Cannot be a null or empty string.

Streaming Ingestion has these limitations:

  • A payload record must be in the Newline-delimited JSON (NDJSON) format.
  • The payload size cannot exceed 4.5 megabytes.
  • The maximum ingestion throughput rate is restricted to 100 messages per second. This is a limitation for the API Gateway streaming ingestion endpoint.

After you send a message to the Streaming Ingestion service, an acknowledgment response is expected. Only a positive acknowledgment response that contains an OK message guarantees that the message is eventually stored in Data Lake. You can use the correlationId property to match requests with their corresponding responses.

An acknowledgment response is sent for every message that was successfully received. If an acknowledgment response is not received within 5 minutes, we recommend that you resend the message.

The Streaming Ingestion service responds with an error result and error code if a message was not successfully received.

Note: Sometimes, the Streaming Ingestion service may not send an error response to a message that was not successfully received.

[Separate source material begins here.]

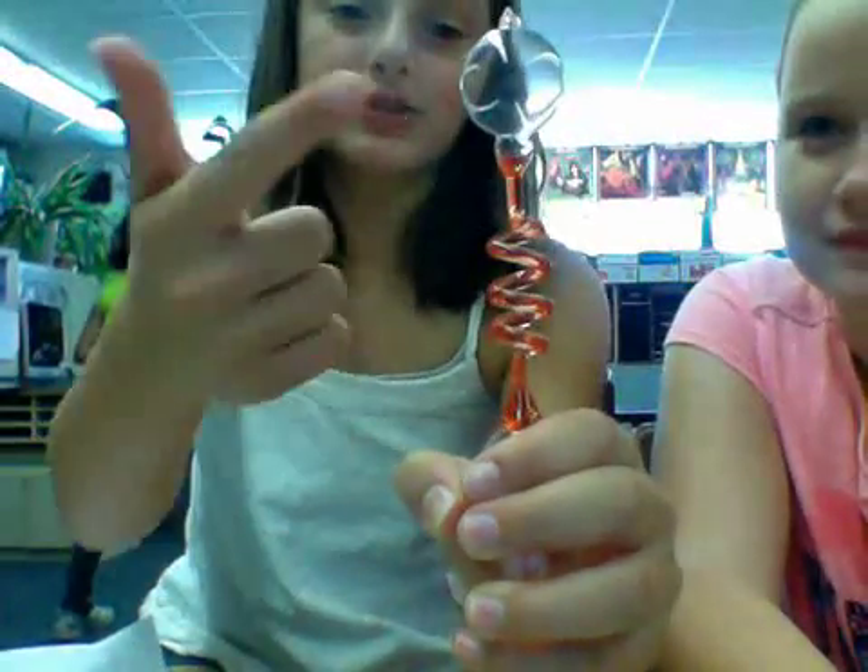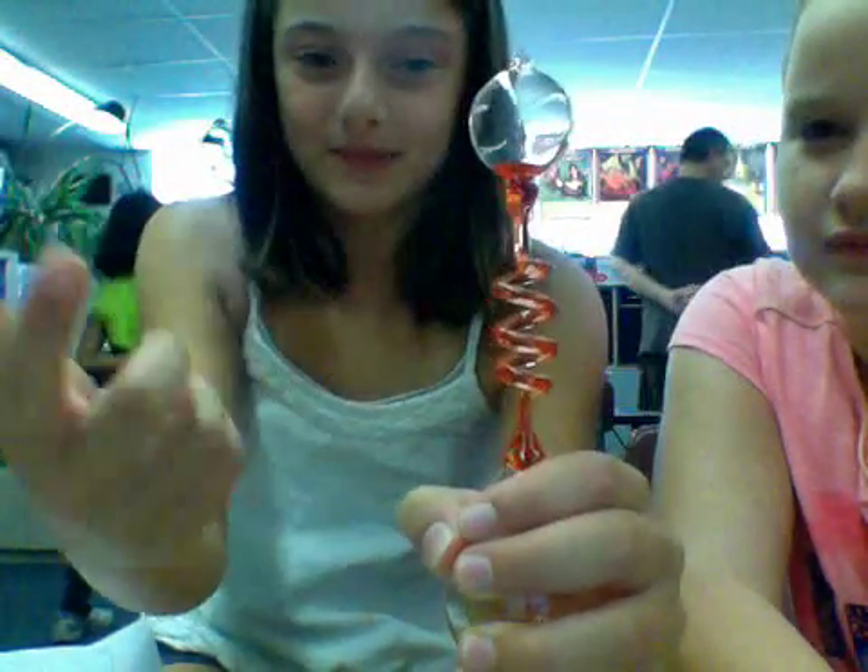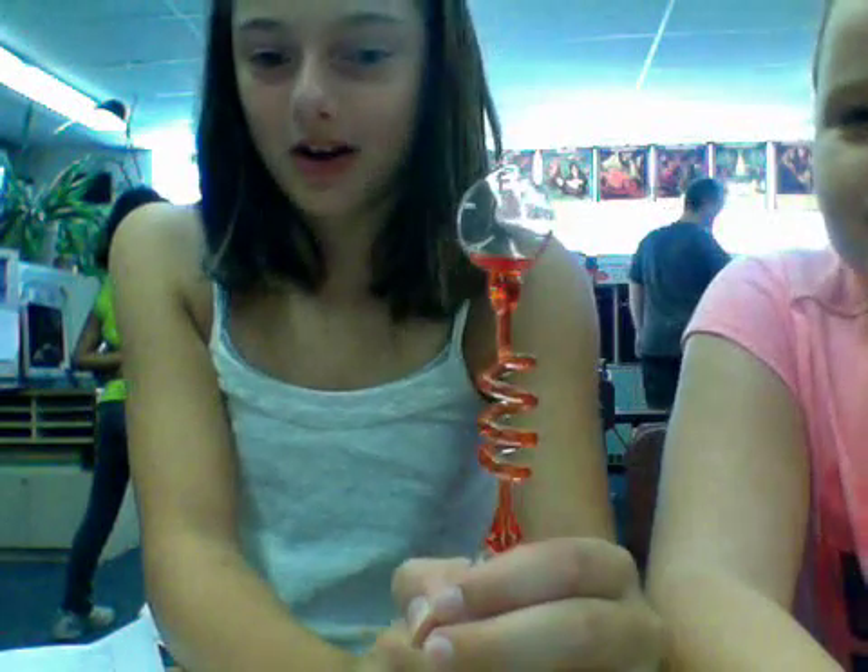And it's chemical energy because there's chemicals in this. And it's motion energy because it's moving around here. And that's really all that's in there.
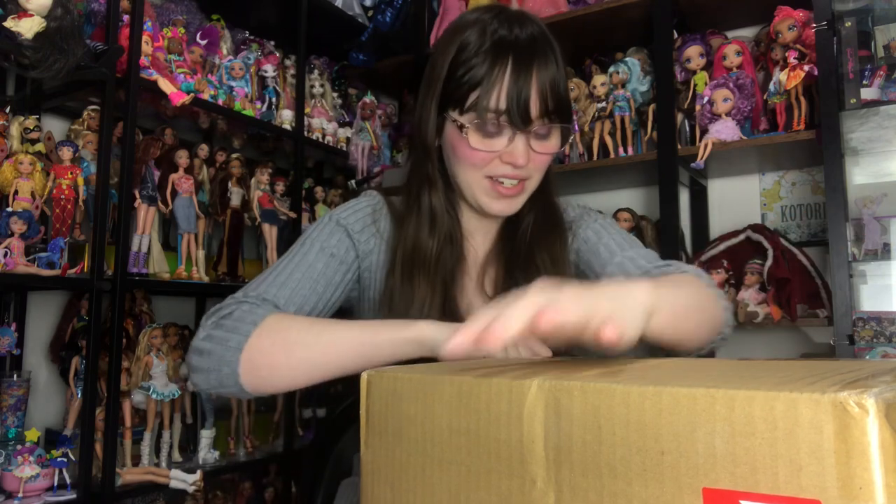Hey everyone, it's me ex canadensis and today I have probably the smallest box I'll ever get from Japan. Basically what happened is these came the day after I needed to ship my last box from Japan, so they didn't get to be in that one, and then I didn't really order anything else so I had to ship them by the time the storage time was up.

Only a positive acknowledgment guarantees that the data is processed and stored in Data Lake.

This example shows a JSON message request to send to Streaming Ingestion:

{
    "objectName": "streamTest",
    "correlationId": "1625044086",
    "fromLogicalId": "lid://provider.myapplication.client1",
    "payload":"eyJuYW1lIjoiSm9obiIsICJhZ2UiOjMwLCAidmFyYXRpb24iOiAxfQ=="
}

This example shows a successful acknowledgment response from the Streaming Ingestion service:

{"result":"ok","correlationId":"1625044086"}

This example shows an error response from the Streaming Ingestion service:

{"result":"error","code":"InvalidMessageFormat","message":"Property payload is not base64 encoded.", "correlationId":"1625044086"}

The table shows possible errors and messages from the Streaming Ingestion service if an exception occurs:

Error Message
InvalidMessageFormat These messages are possible:
  • A required property is missing in the message
  • Payload property value is not base64 encoded
  • A property value exceeds the maximum length of 250 characters (objectName, fromLogicalId, correlationId)
  • fromLogicalId property is not in valid format
JSONDeserializationError Invalid JSON message format.
TooManyRequests The throughput rate limit was exceeded.
AcknowledgmentTimeout Your message cannot be acknowledged within the 55 seconds timeframe.
PayloadTooLarge Payload size exceeds the maximum size of 4718592 bytes
UnknownError Unknown Error

For optimal performance, we recommend that you implement a flow control mechanism to regulate the rate of streaming messages. With the flow control mechanism, you can maximize the number of messages that are processed per second and avoid receiving the TooManyRequests error. We also recommend that you prioritize maximizing message throughput and simultaneously maintain the system stability through implementing the mechanism.